Para garantir que mais pessoas possam participar, a eleição de delegados/as para a Conferência foi realizada em 5 Pré-Conferências, organizadas por região: norte, leste, sul, sudoeste e noroeste. Cada uma das Pré-Conferências foi composta por sete grupos de trabalho, que ficaram responsáveis por debater entre 2 e 4 metas do plano.

Além dos grupos de trabalho, as Pré-Conferências contaram também com uma mesa de abertura e uma plenária final, onde os pontos levantados nos grupos foram apresentados a todos/as os/as presentes.

Período de avaliação

Um ponto de discordância entre as entidades diz respeito ao período de vigência do Plano sobre o qual a Conferência deve se debruçar.

Para a Secretaria, como a 1ª Conferência deveria originalmente ter ocorrido em 2018, cabe a ela se debruçar sobre a implementação do Plano no biênio anterior, ou seja, 2016 e 2017. O ano de 2018 e o início de 2019 deveriam, assim, ser avaliados em uma 2ª Conferência, a ser realizada em 2020.

“No nosso plano estão previstas 3 conferências de avaliação. A primeira conferência definia este primeiro biênio. E essa conferência de avaliação relativa ao biênio de 2016 e 2017 não foi feita. Então o que a gente está fazendo agora é a Conferência de avaliação deste primeiro biênio 16/17. No ano que vem, 2020, é que ocorreria a Conferência relativa ao biênio 18/19”, defende Luiz.

Para o Conselho de Escolas, entretanto, uma vez que a Conferência está sendo realizada em 2019, não há sentido em deixar de abordar o ano de 2018.

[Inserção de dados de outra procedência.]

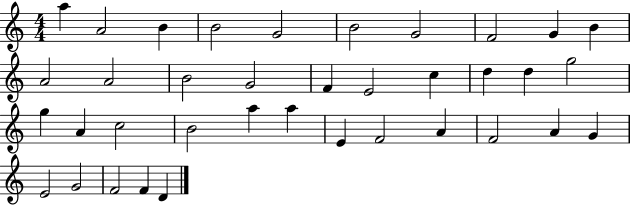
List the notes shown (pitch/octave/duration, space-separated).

A5/q A4/h B4/q B4/h G4/h B4/h G4/h F4/h G4/q B4/q A4/h A4/h B4/h G4/h F4/q E4/h C5/q D5/q D5/q G5/h G5/q A4/q C5/h B4/h A5/q A5/q E4/q F4/h A4/q F4/h A4/q G4/q E4/h G4/h F4/h F4/q D4/q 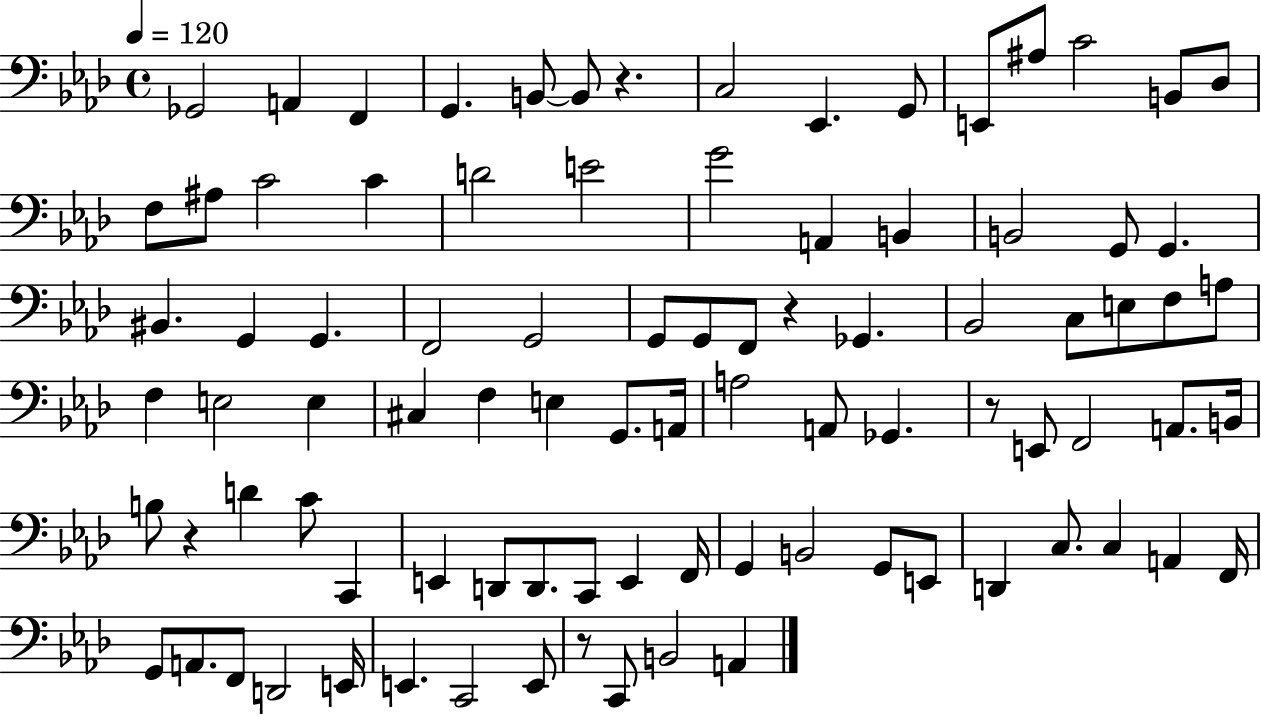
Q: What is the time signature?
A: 4/4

“Para os técnicos da Secretaria, como a gente não fez a Conferência de Avaliação (que deveria ter ocorrido no segundo ano), a gente está fazendo esta Conferência agora. Na prática isso não vai ocorrer, porque as pessoas vão forçar para que as questões que estão agora afligindo a população estejam sendo pautadas”, relata Claudio.

Outro argumento para que a Conferência abranja apenas 2016 e 2017 é a ausência de dados para o período subsequente. “A gente vai avaliar só 2016 e 2017, mas eu acho que vão aparecer pontos atuais que a gente não vai deixar de discutir. Mas a gente não tem os dados para esse levantamento”, pontua Solange, presidente do Fórum.

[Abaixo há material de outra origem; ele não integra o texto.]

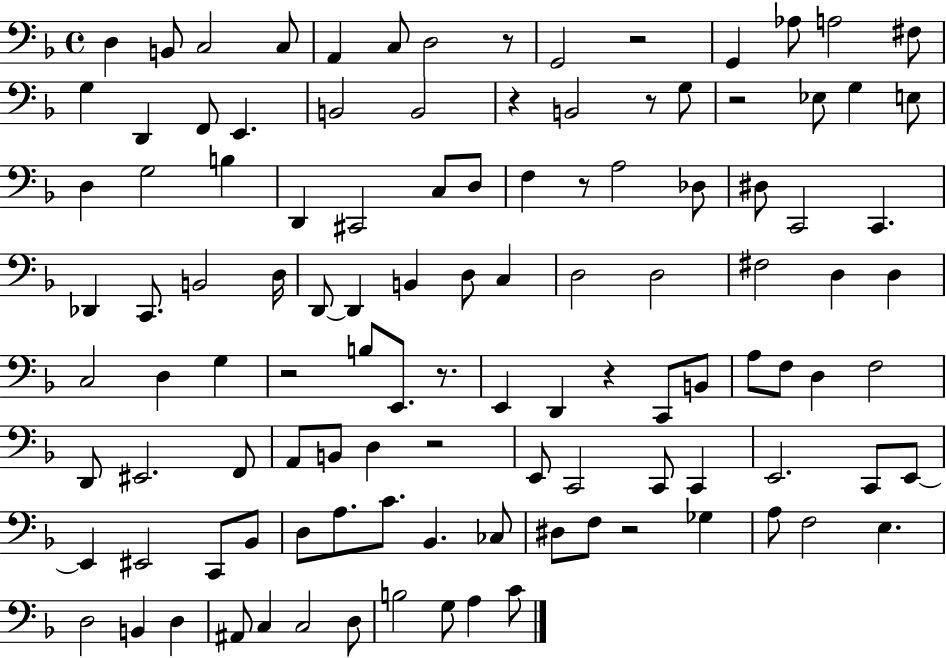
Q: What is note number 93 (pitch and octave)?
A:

Para Claudio, entretanto, este argumento não se justifica, uma vez que já há dados federais relativos a 2018 e dados municipais do primeiro semestre de 2019. “Alegam que os dados que o MEC oferece não estão atualizados, então nas questões mensuráveis e quantitativas não haveria base de dados para poder fazer a apreciação. O que é equivocado, porque a gente tem o Censo Escolar do ano passado disponibilizado pelo MEC, e tem dados do sistema digital Secretaria relativos ao primeiro semestre de 2019. Então é uma opção política mesmo, de tentar fazer uma Conferência despolitizada”, avalia.

Perspectivas

A despeito do dissenso sobre o período de avaliação, a importância de defender o Plano e sua implementação é unânime. “Para a gente esse Plano é uma forma de resistência. Resistência a tudo que está acontecendo com a educação. Então a gente tem que lutar por esse Plano, tanto o municipal, quanto o estadual”, convoca Solange.

“A perspectiva acho que é a gente continuar perseguindo e persistindo na ideia de que o Plano Nacional e os respectivos Planos Municipais são planos de estado, do poder público, e não de governos. Eu acredito que nós precisamos continuar unidos: parlamentares ligados ao tema, gestores, professores, estudantes. É essa união em torno desses pactos que foram firmados e precisam ser respeitados que pode permitir reverter essa situação que nós estamos vivendo. A situação não é fácil, porque o Ministro da Educação de modo deliberado e enfático tem defendido a política de cortes de recursos na área de educação, mas eu acho que nós devemos persistir, porque é um tema muito importante para o desenvolvimento do país e a gente precisa lutar para superar”, defende Gustavo.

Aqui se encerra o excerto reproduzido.